The show didn’t look that terrific at its stop in New York. The single-channel videos and Super-8 and 16 mm films appeared dingy and grainy when transferred to DVD, and both they and the sound elements had been awkwardly installed so that their strategically attenuated pacing felt more grueling than seductive. The artist’s books and prints were presented mostly in vitrines—unavoidably, perhaps, but not optimally, since both Cha’s puns and her emphasis on evocative silences depend in part on the diachronic/synchronic interchange of turning pages, and the gaps in which the reader’s/viewer’s mind wanders or interjects. Still, Cha’s wit and subtlety will make its mark on anyone who gives her work time to filter in, and “The Dream of the Audience” was an important show, effectively reinserting into contemporary awareness the work of an artist who refused distinctions between image and language, who combined an idiosyncratic lyricism and a fascination with structuralist principles.

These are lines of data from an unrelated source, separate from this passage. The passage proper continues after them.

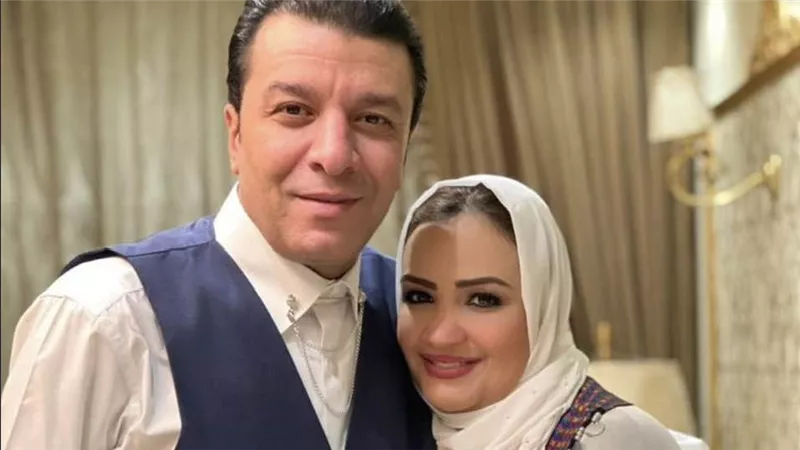 مصطفى كامل يحتفل بعيد زواجه: 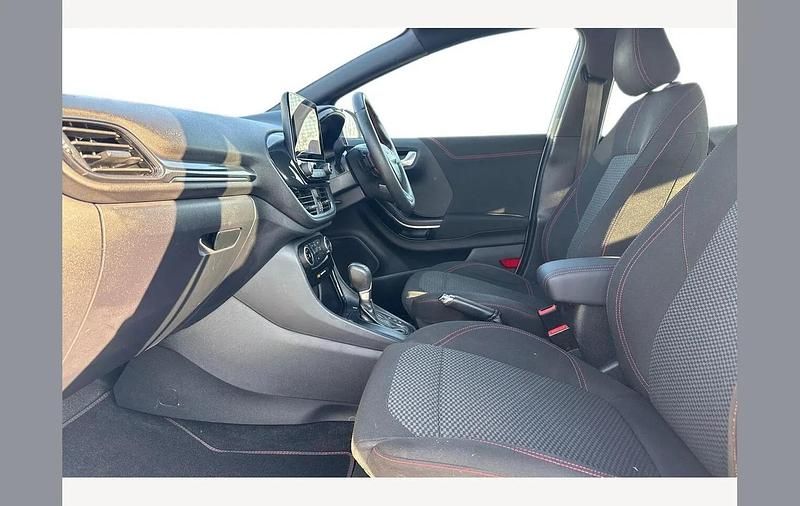Usado Ford Puma ST-Line 125 HP (91 kW) 2023 Branco SUV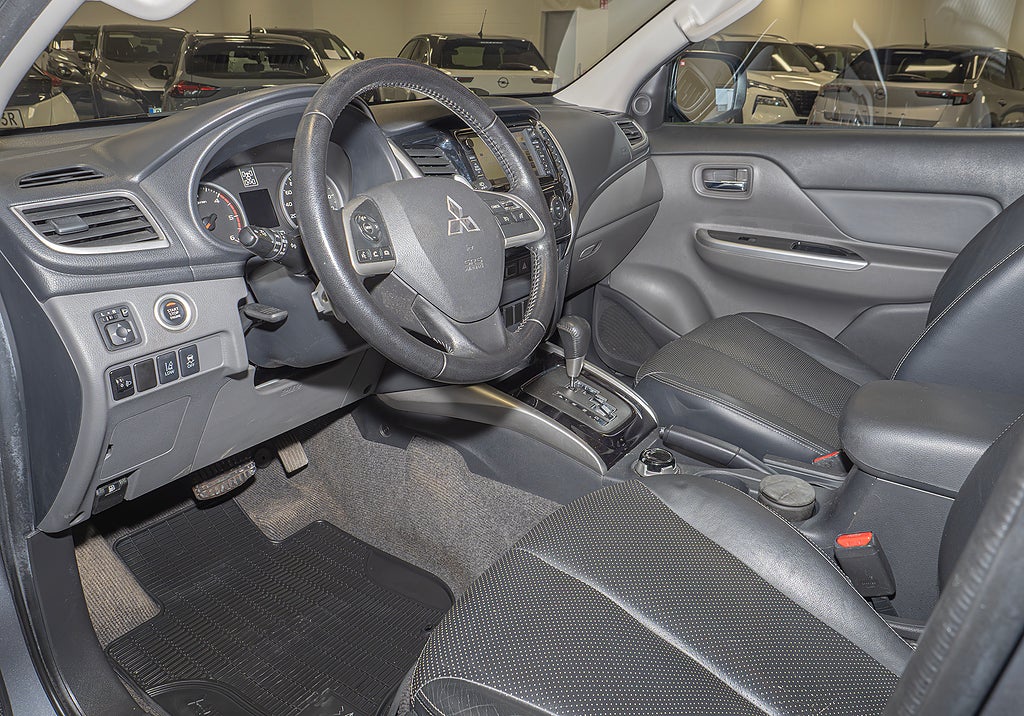 Mitsubishi L200 2016 - miniatyr 4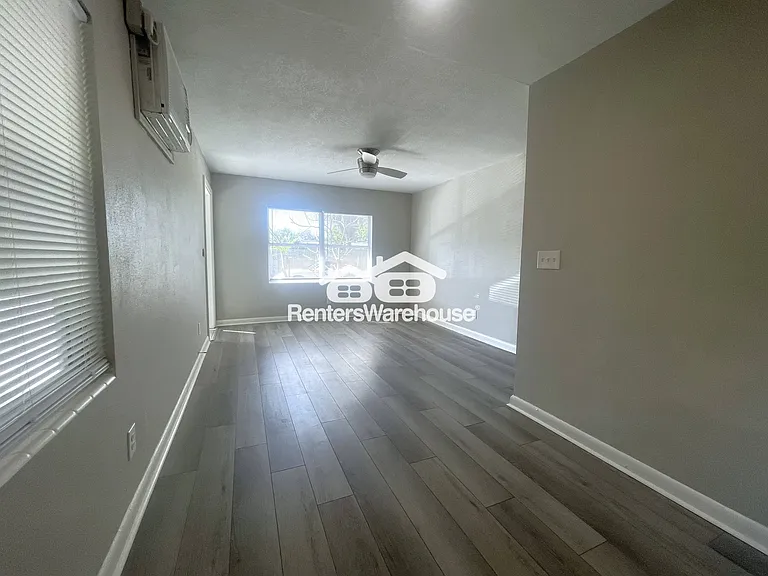 310 S Arcturas Ave #3 — Photo 8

Cha’s brand of Conceptualism is philosophically and formally rigorous but also playful, wistful, allusive, and profoundly female (which means what? More on this later). From Korea she emigrated to San Francisco with her family at age thirteen, earned degrees in studio art and comparative literature from UC Berkeley, and worked at the Pacific Film Archive in that city and the Centre d’Etudes Américain du Cinéma in Paris. She spoke Korean, English, and French fluently. Her work returns continually to the experience of language as cause and cure for exile—exile from the interlocking systems of nationality, religion, family, and syntax and therefore from the self. Well before such interests furnished buzzwords for the American academic press, Cha’s work incorporated postcolonial discourse, French semiotic theory, and the spiraling preoccupations with polyvocal speech, vexatious history, cultural displacement, and reinvented autobiography that were later flattened into the monolith labeled identity politics.
Wordplay is, in a sense, Cha’s primary material. She turns a French word like amer (“bitter”) into a caption for the Stars and Stripes, off-rhymes “abandon” with “redemption” and “passages” with “paysage” (“landscape”). In ironic commemoration of an instance in which she was hailed as “Yoko” on the street, Cha wrote a pair of Beatles-esque songs, shredded their lyrics, and placed the shreds in a pair of tiny ceramic bowls. Titled Surplus Novel, 1980, the piece evokes a cultural text (“Yoko”) that is both new and narrative (“there’s a young Asian woman who’s an avant-garde performance artist”) and yet, when applied to Cha, superfluous. The bowls mock the idea of overabundance, and the song’s torn whole cannot be read or sung. Similar layerings occur in the films, in which lap dissolves repeatedly interpenetrate one image into another, and in the spoken-word recordings, where hesitancies and loopings multiply the single voice.
“‘She’ is indefinitely other in herself,” Luce Irigaray wrote in This Sex Which Is Not One (1977); in Dictée Cha replies, “Mother, my first sound. The first utter. The first concept.” This sense of simultaneous absence and proximity is imagined throughout her work as an implicitly feminine erotic topography. The body is paramount yet is knowable only through the medium of language, which splits subject and object and makes them long for one another. Grammar, for Cha, is insubstantially yet ineluctably coded as a way of expressing the layers of female subjectivity, a full blankness in which articulation is threatened or strangled, yet constitutive. The importance of her art now lies in this imbrication of Conceptualism with a feminism that blurs tidy distinctions between representation, cognition, and corporeality.